Speaker
Description
Methane is one of the most common sources of energy and carbon in the deep biosphere, and methanotrophy is hypothesized to sustain diverse microbial communities alongside chemolithoautotrophy in subsurface systems. However, the extent of the contribution of methanotrophy to primary production and C-cycling remains unknown, due to our lack of knowledge about the distribution, diversity, abundance and functional features of methanotrophs in subsurface ecosystems. To fill the gap, the ecology of methanotrophic communities was characterized from borehole fluids and mineshaft materials in the former Homestake gold mine.
DNA was extracted from subsurface samples taken at the 1700 feet and 4850 feet levels and used as a template for amplifying the 16S rRNA and pmoA genes. Amplicon and metagenomic libraries were sequenced using the Illumina platforms. A high diversity of aerobic methanotrophic bacteria within a broad range of clades (some have not previously been reported in the subsurface biosphere) were observed. Type-Ib methanotrophs were enriched in biofilms, type-IIa dominated in groundwater and several uncultured lineages exclusively occurred in mineshaft sediments. It is therefore likely that subsurface methanotrophs occupy different ecological niches based on their specific geochemical preferences. Bacterial communities inhabiting mineshaft biofilms shared moderately similar community composition with those in nearby groundwater, indicating methanotrophs trapped/concentrated (~27% in bacteria) in biofilms likely originated from the seeping groundwater. Such recolonization and enrichment could change the local C-flow, as methanotrophs are likely to be the primary producers in biofilms based on network analysis of communities.

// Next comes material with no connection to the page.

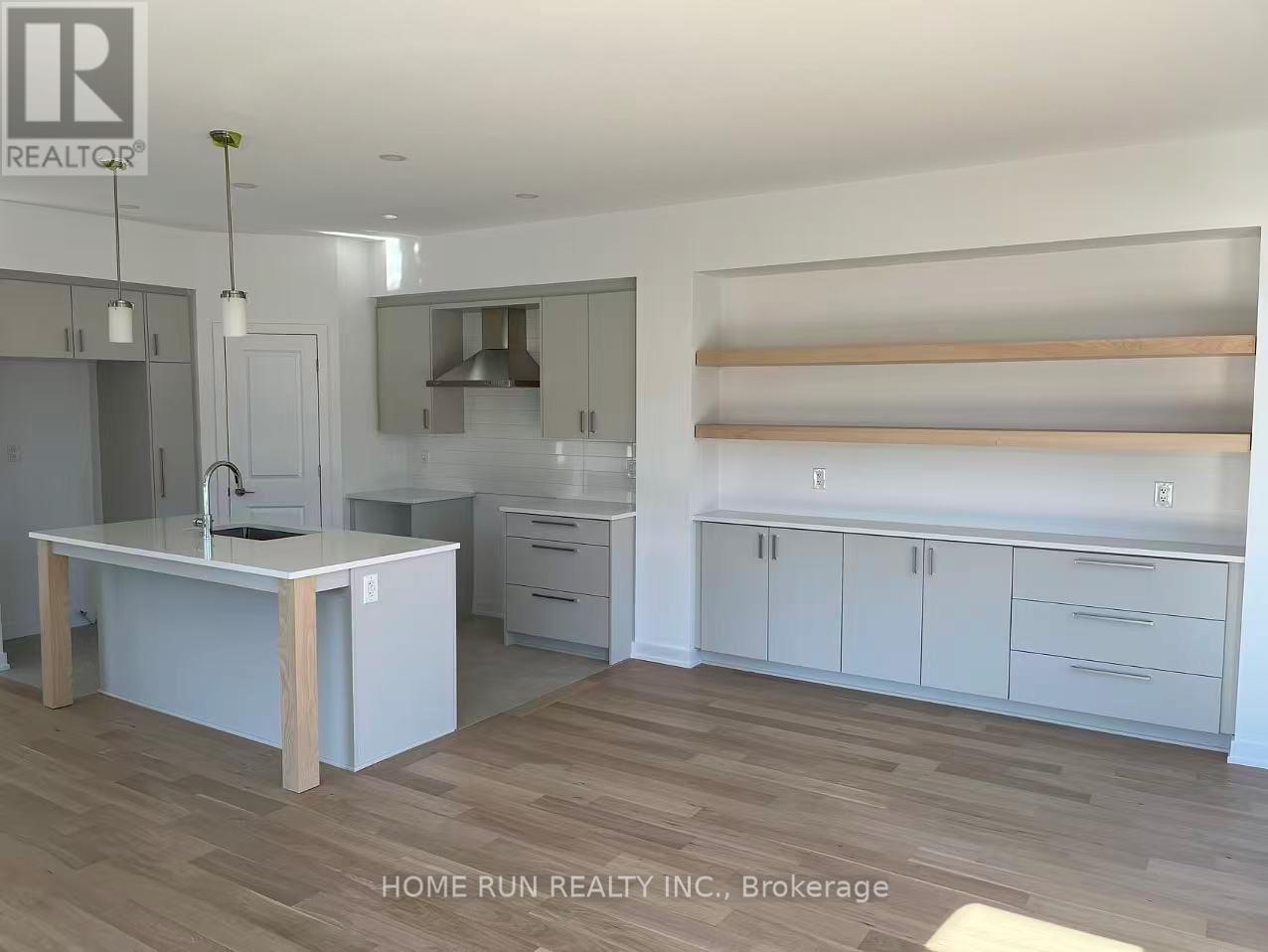 860 Hummock Way, Ottawa, Ontario K2K 0M7 - Photo 5 - X12521648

Closest-related sequences to several mine OTUs were exclusively observed in other subsurface habitats, suggesting these obligate subsurface-colonizing methanotrophs were indigenous inhabitants and potentially adapted to subterranean life. Ten methanotrophic genomes with a range of degrees of novelty were recovered, and some genomic characteristics, present in Homestake mine genomes but absent in closest surface neighbors (e.g, possession of stress-response and metal-tolerance genes) could help them cope with extreme conditions. This in-depth survey revealed that a remarkably diverse, abundant and novel subsurface-adapted indigenous aerobic methanotrophic community were present in the deep subsurface biosphere.